Duowei News
- Type: News website
- Industry: Media
- Founded: 11 January 1999
- Founder: Ho Pin
- Defunct: 26 April 2022
- Headquarters: Beijing, People's Republic of China
- Owner: Yu Pun-hoi
- Parent: Sino-I Technology Limited
- Website: www.dwnews.com (defunct)

= Duowei News =

Chinese language news website based in New York City

Duowei News (多維新聞 (多维新闻, Duōwéi xīnwén, multidimensional news)), originally named Chinese News Net, was a Chinese language news website established in 1999 based in New York City, United States. The website was also known in English as Multidimensional News, which is the literal translation of its Chinese name. It specialized in Chinese political news.

Duowei News was blocked in mainland China. In 2013, Jason Q. Ng of China Digital Times and Citizen Lab considered the outlet to be critical of mainland China and the PRC government's policies. According to Radio France Internationale in 2018, the site has been accused of having a pro-Beijing view point and promoting Chinese Communist Party propaganda. It was viewed as one of the independent Chinese language media outlets in the United States that later were taken over by pro-Beijing businessmen.

==History==
Duowei News, whose original domain name was chinesenewsnet.com, was founded by Ho Pin (何频) on 11 January 1999, who used to work for a Chinese state-run newspaper but left due to negative feelings towards the 1989 Tiananmen Square protests and massacre.

On June 27, 2004, Duowei's new domain name, dwnews.com, was created.

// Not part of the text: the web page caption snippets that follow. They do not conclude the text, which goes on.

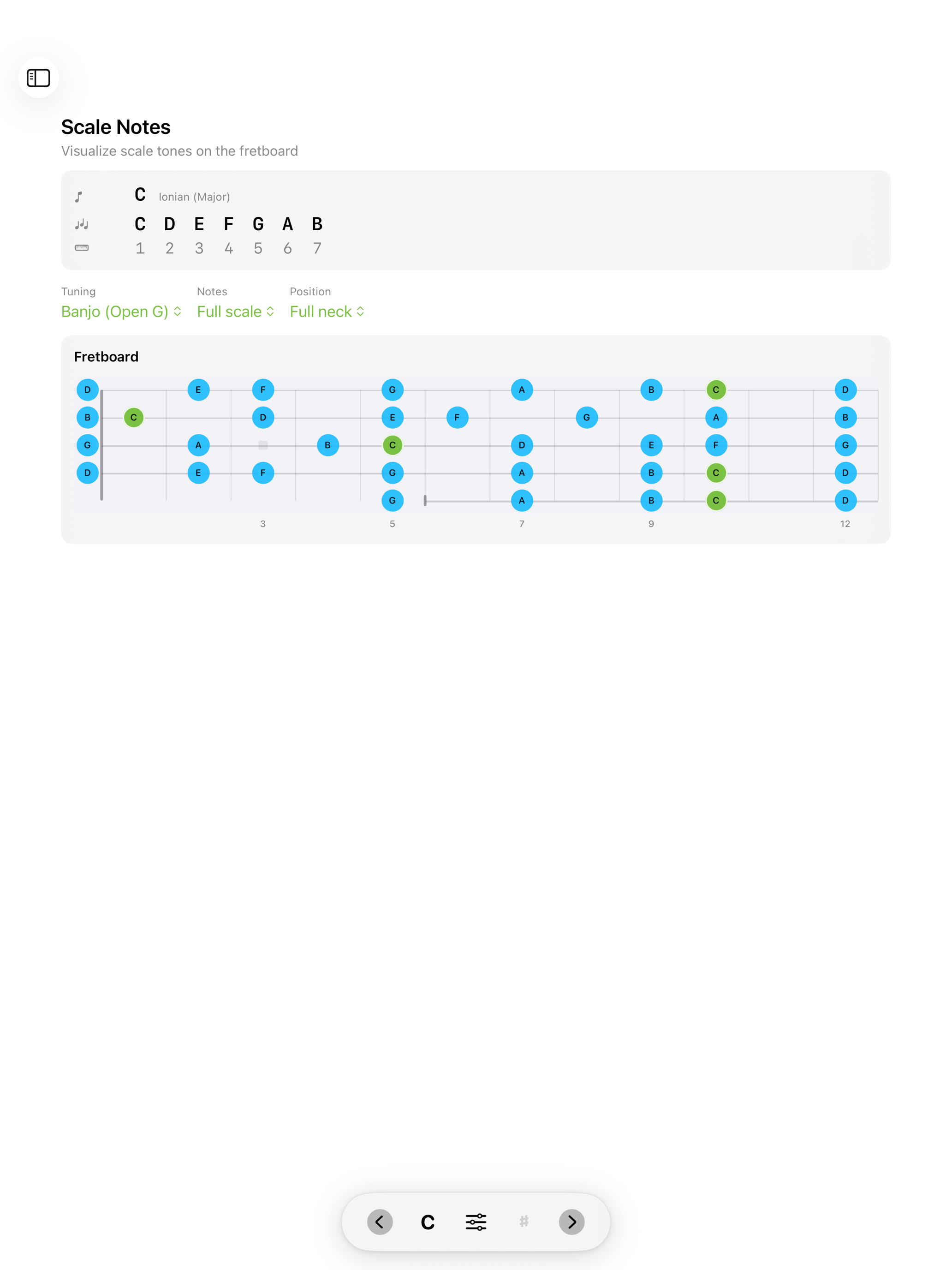 Fretboard retuned to banjo on iPad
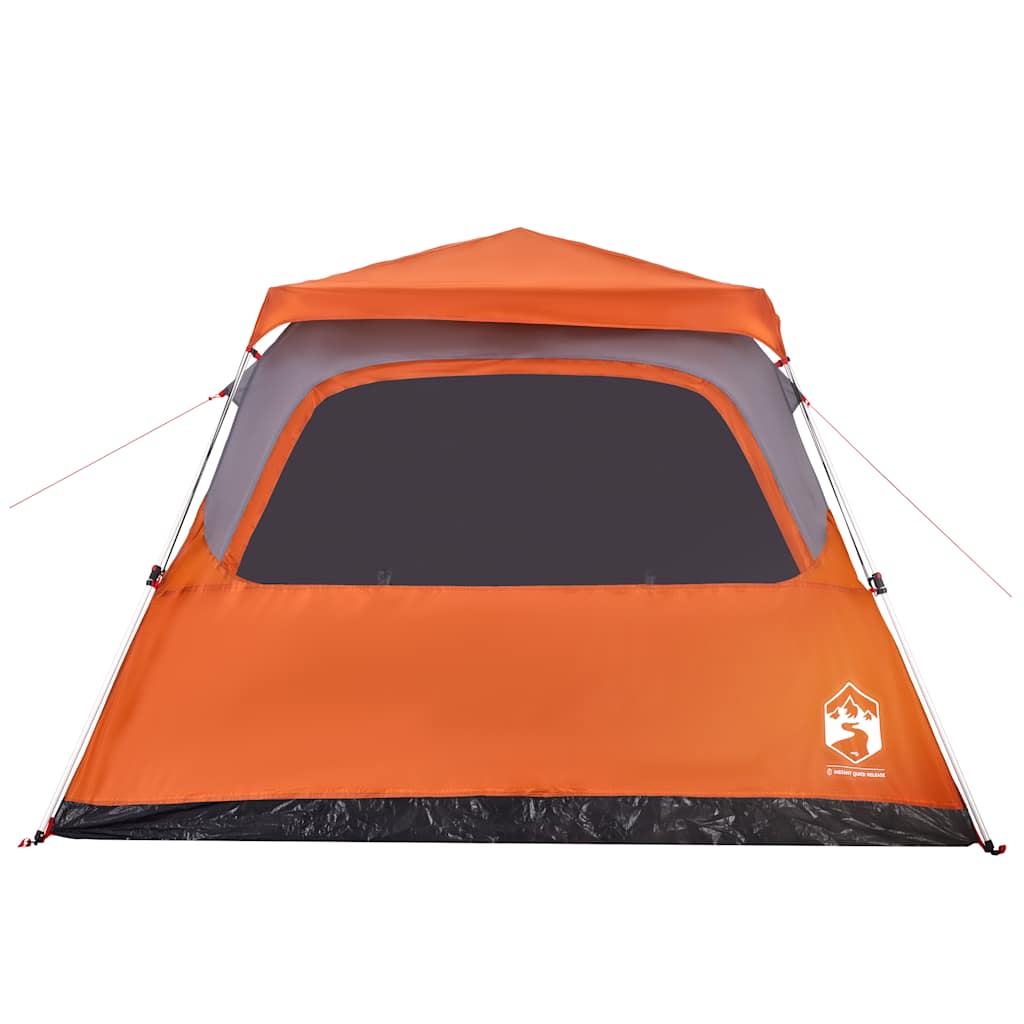 Detail van de vidaXL koepeltent met oranje bovenkant en grote raampartij.
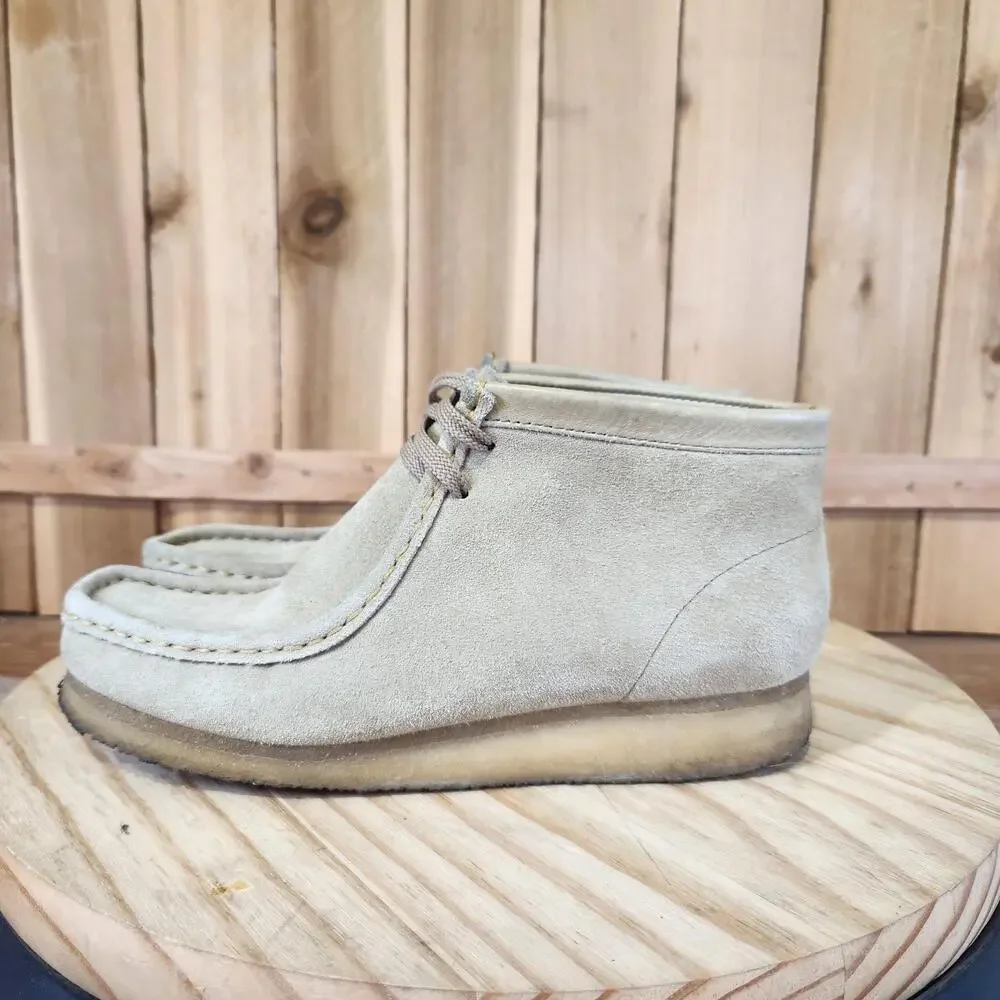 Clarks Originals Wallabee Suede Chukka Boots Mens 8 Beige Leather Crepe Sole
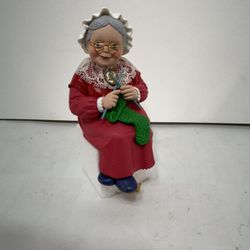 Vintage Hallmark Holiday Christmas Stocking Hanger "Mrs Santa" Claus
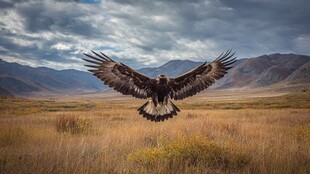 旷野雄鹰展翅翱翔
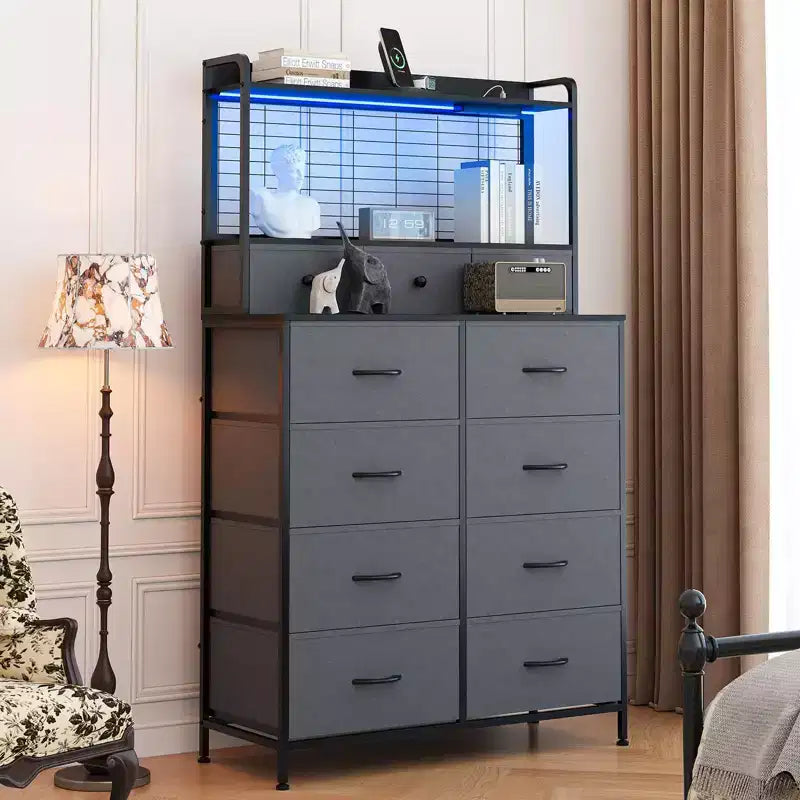 Dresser, Smart Dresser with 11 Fabric Drawers, Built-in Charging Station & App-Controlled RGB , White Industrial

Duowei continued to be an online independent Chinese-language media website for years until 2009 when the website was sold to the Hong Kong media mogul Yu Pun-hoi who was considered to be pro-Beijing.

Ho Pin later published Mingjing News. Duowei had a news bureau in Beijing. According to a Hoover Institution report, after the 2009 sale, Duowei moved its headquarters to Beijing.

Duowei News correctly predicted the lineups of the 16th and 17th National Congress of the Chinese Communist Party in 2002 and 2007 respectively.

Duowei News closed on 26 April 2022.